Realtime Evaluation: The Key to Robust Voice Systems

Tools & Engineering

The Engineer

27 Jan 2026 · 3 min read

Realtime evaluation helps voice system developers spot issues early, speeding up the path from demo to deployment by focusing on incremental complexity and thorough testing.

When it comes to voice systems, the gap between a demo that "seems fine" and a production-ready solution is often bridged by thorough evaluation. This guide from OpenAI's Cookbook provides a structured approach to evaluating voice systems, emphasizing the importance of building complexity incrementally-starting simple (Crawl), adding realism (Walk), and finally testing multi-turn interactions (Run). By investing in robust evaluations, teams can ship to production 5–10× faster, thanks to the ability to identify failures, understand their causes, and fix them with confidence.

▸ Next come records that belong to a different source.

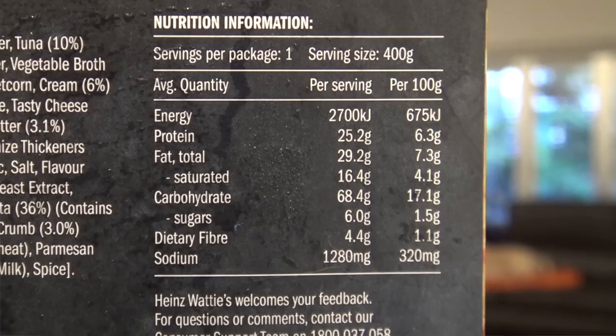Now I wonder how many of these I can eat in a day? Well, it says here 2,700 kilojoules per serving. That means I could probably only have three and a half of these every day. But if this is any good, I'm pretty sure four would be okay too.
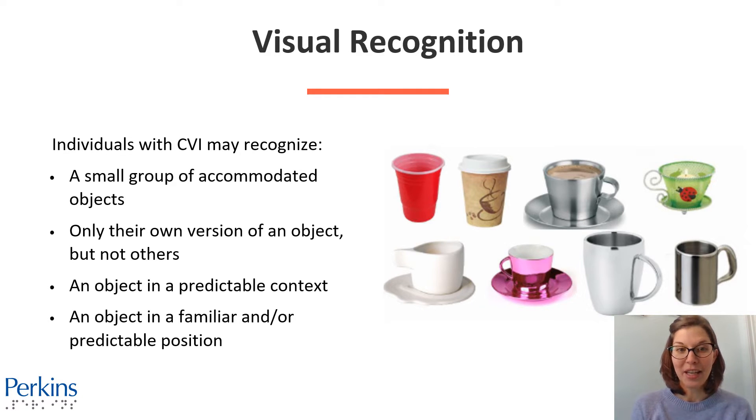Individuals with CVI may recognize perhaps just a small group of accommodated objects — their own personal, highly preferred, highly familiar objects, for example. Only their own version of an object, but not others. In this picture, you'll see eight different kinds of cups. For individuals with CVI, maybe they recognize just their own cup — that specific color, that specific size — and they might not make the connection between their cup and all these other cups.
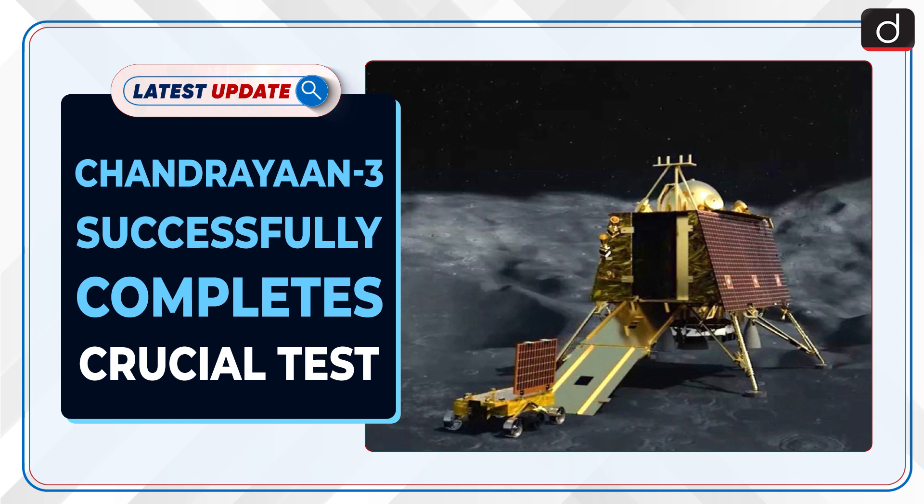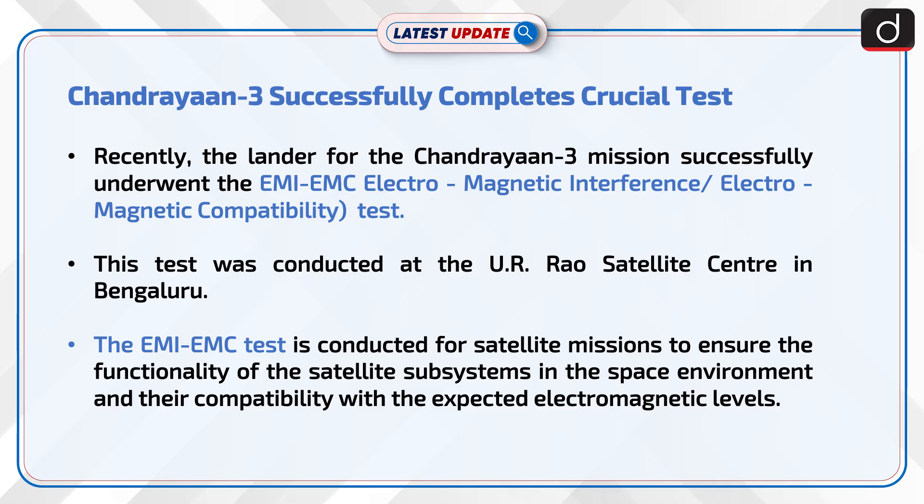Welcome to the latest update program. The topic of discussion is Chandrayaan-3 successfully completing a crucial test. Recently, the lander for the Chandrayaan-3 mission successfully underwent the EMI-EMC (Electromagnetic Interference/Electromagnetic Compatibility) test. This test was conducted at the UR Rao Satellite Center in Bengaluru, to ensure the functionality of satellite subsystems in the space environment and their compatibility with expected electromagnetic levels.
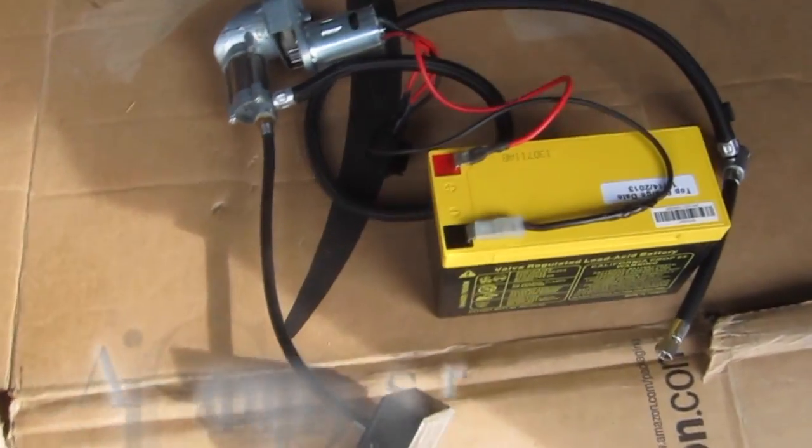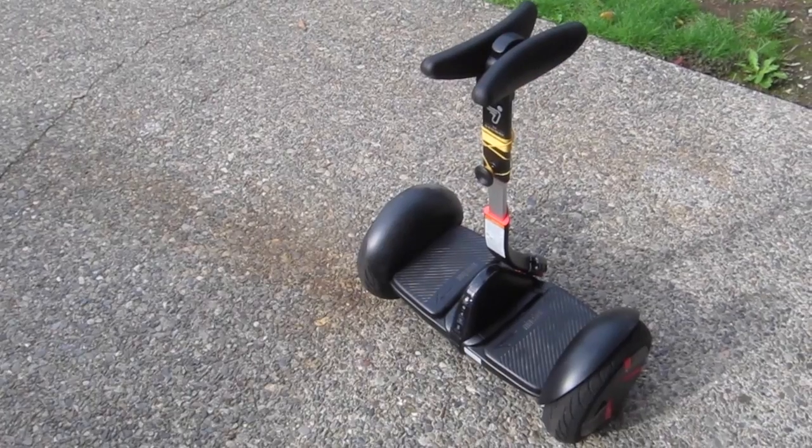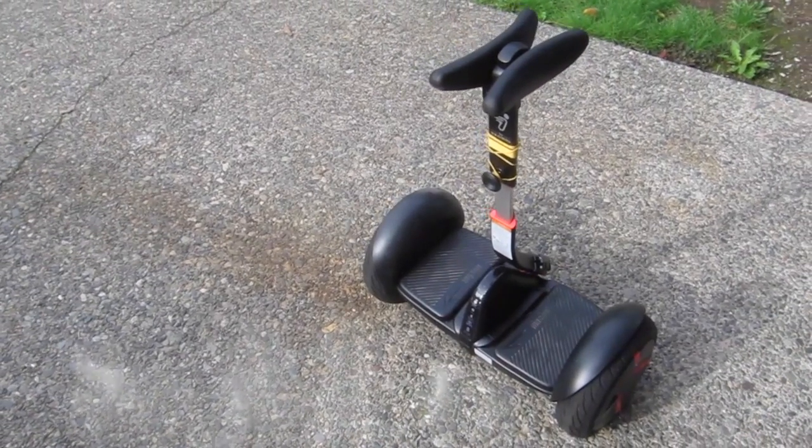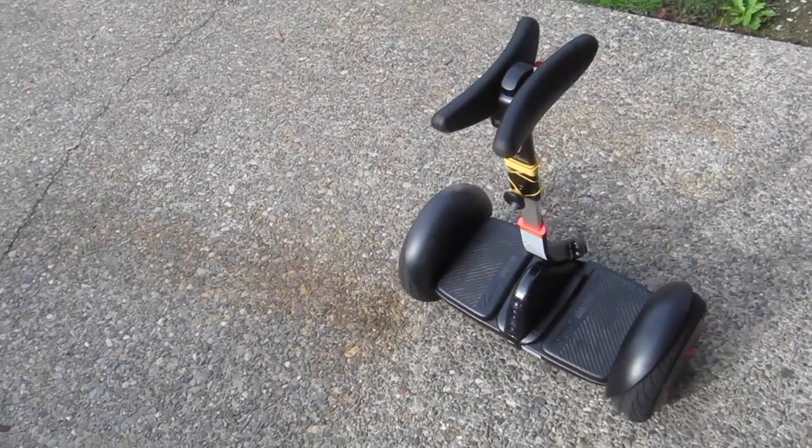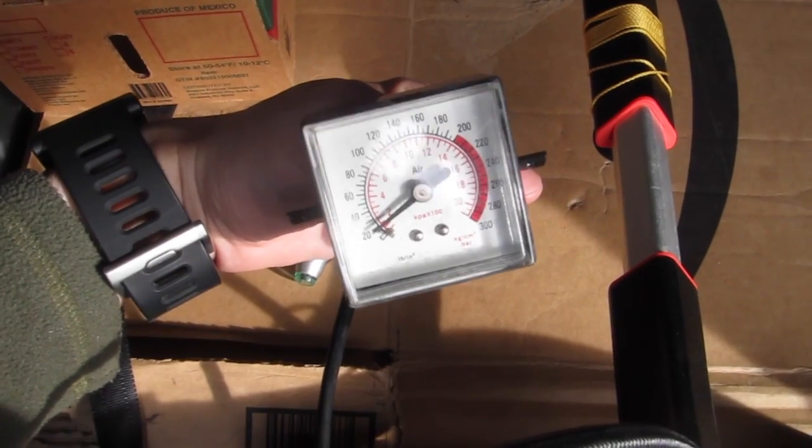Hello and welcome to vlog number 7. This is the air compressor I use right here. This is a digital tire pressure gauge that I use — it's hooked up like this to the tire. I'm going to go to 50 psi.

Realtime Eval Harness Code

For those who want to dive into the code, OpenAI provides a GitHub repository with complete reference harnesses for each stage of evaluation:

GitHub repo path: openai-cookbook/examples/evals/realtime_evals
- Crawl Harness (Single-turn Replay): crawl_harness
- Walk Harness (Saved Audio Replay): walk_harness
- Run Harness (Model-simulated Multi-turn): run_harness

These harnesses are designed to be adaptable, allowing you to point Codex at the relevant harness and ask it to tailor the code to your specific dataset and graders.

Part I: Foundations

1) Why Realtime Eval?

Realtime evaluation is crucial for ensuring that voice systems perform consistently in real-world scenarios. Here’s why:

Identifying Failures Early: Realtime evals help you catch issues early, before they become critical problems in production.
Improving Robustness: By testing under realistic conditions, you can build a more robust system that handles edge cases and unexpected inputs.
Accelerating Development: Teams that invest in evals can move faster because they have clear insights into what’s working and what isn’t. This transparency allows for targeted improvements, reducing the time spent on debugging and rework.

Part II: The Crawl-Walk-Run Approach

1) Crawl: Single-turn Replay

The first step is to start with single-turn interactions. This involves replaying recorded user inputs to see how the system responds in a controlled environment. Key considerations include:

Dataset: Use a diverse set of inputs to cover various scenarios and edge cases.
Graders: Define clear criteria for what constitutes a successful response. Graders can be human evaluators or automated scripts.
Harness: The Crawl harness provides a framework for running these evaluations efficiently.

2) Walk: Saved Audio Replay

Once the system is performing well with single-turn interactions, it’s time to add more realism by using saved audio files. This stage involves:

Realistic Input: Use actual user audio to simulate real-world conditions.
Complexity: Introduce more complex scenarios, such as background noise or varying accents.
Evaluation: Continue using your graders to assess the system's performance.

3) Run: Model-simulated Multi-turn

The final stage is to test multi-turn interactions, which are essential for voice systems that need to maintain context over multiple exchanges. This involves:

Multi-turn Scenarios: Simulate extended conversations with the system.
Context Management: Ensure the system can handle and remember context across turns.
Advanced Graders: Use more sophisticated graders to evaluate the coherence and consistency of multi-turn interactions.

Part III: Building a Production Flywheel

To maintain and improve your voice system over time, it’s essential to create a production flywheel. This involves:

Continuous Monitoring: Regularly monitor the system in production to catch new issues.
Feedback Loop: Use real failures to generate new tests and improve the evaluation process.
Iterative Improvement: Continuously refine the system based on feedback from both users and evaluations.